**Stored data:**

==*==

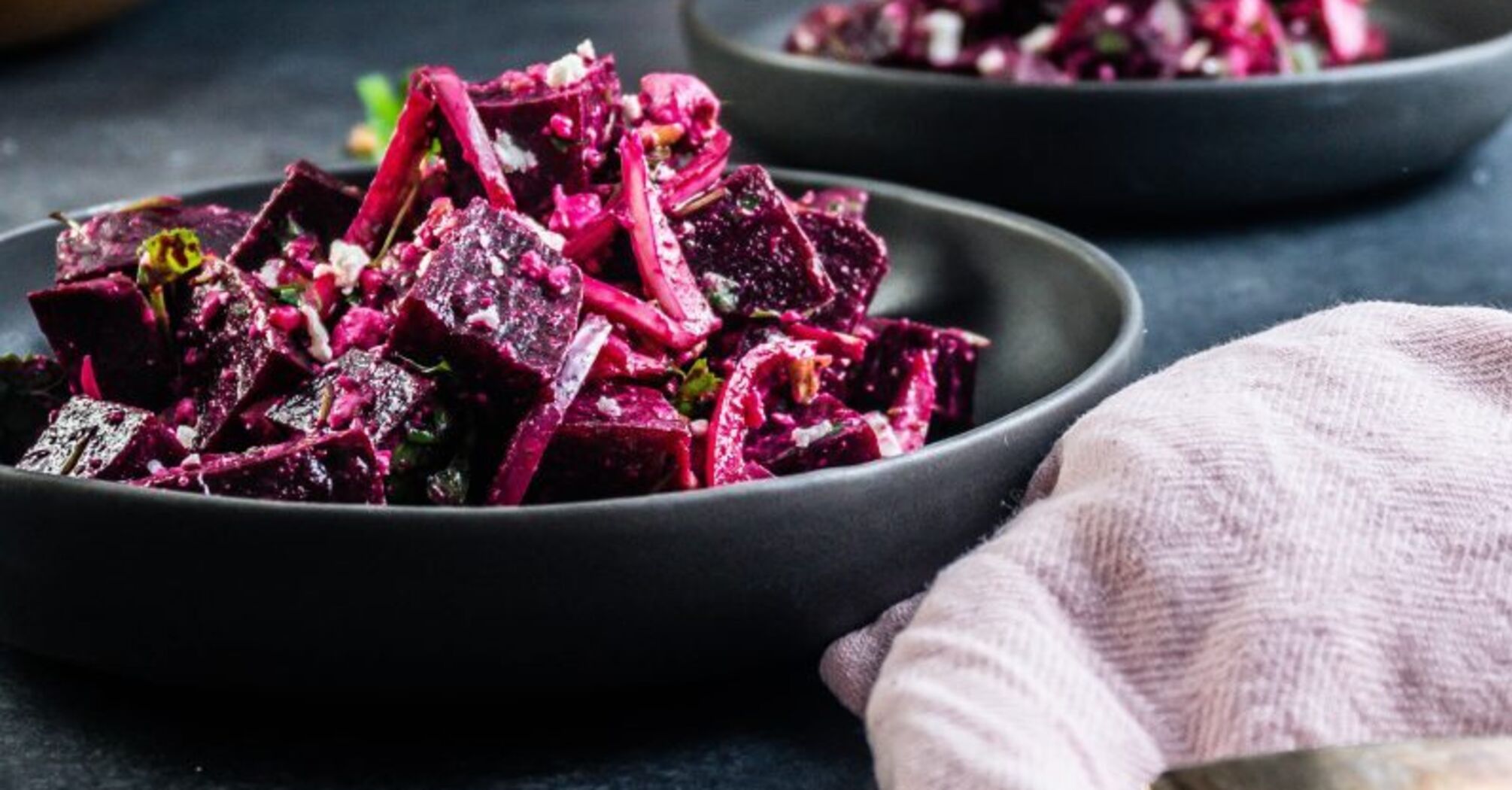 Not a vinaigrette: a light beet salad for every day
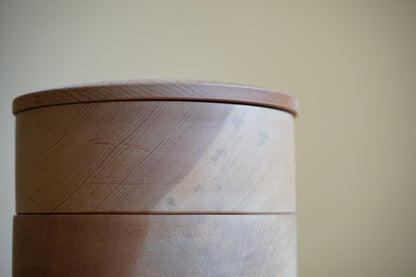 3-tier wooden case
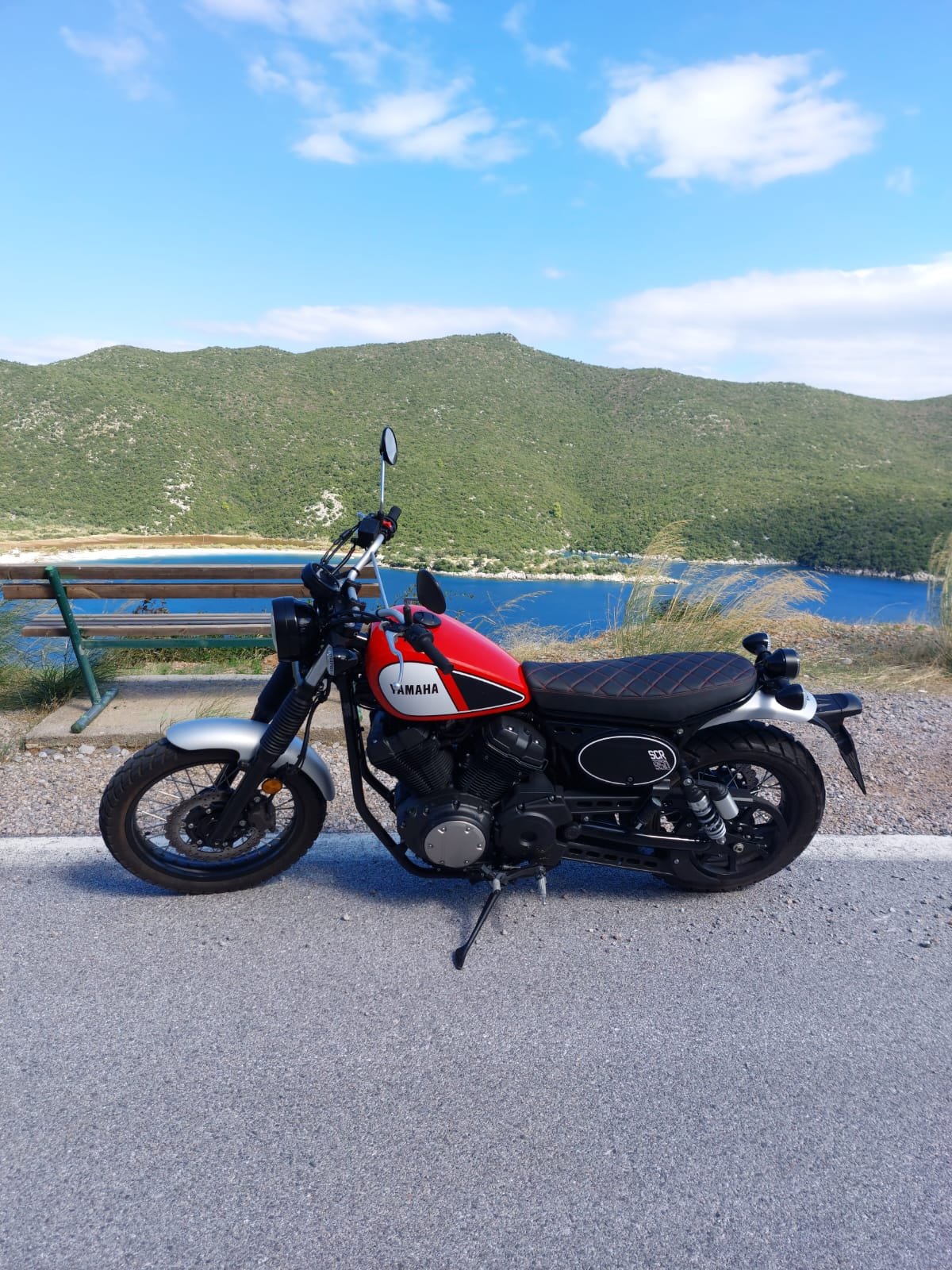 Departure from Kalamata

==*==

**Brief:**
Pictures are not part of the copy. Please reproduce the material word for word.

**Answer section:**
 Not a vinaigrette: a light beet salad for every day
 3-tier wooden case
 Departure from Kalamata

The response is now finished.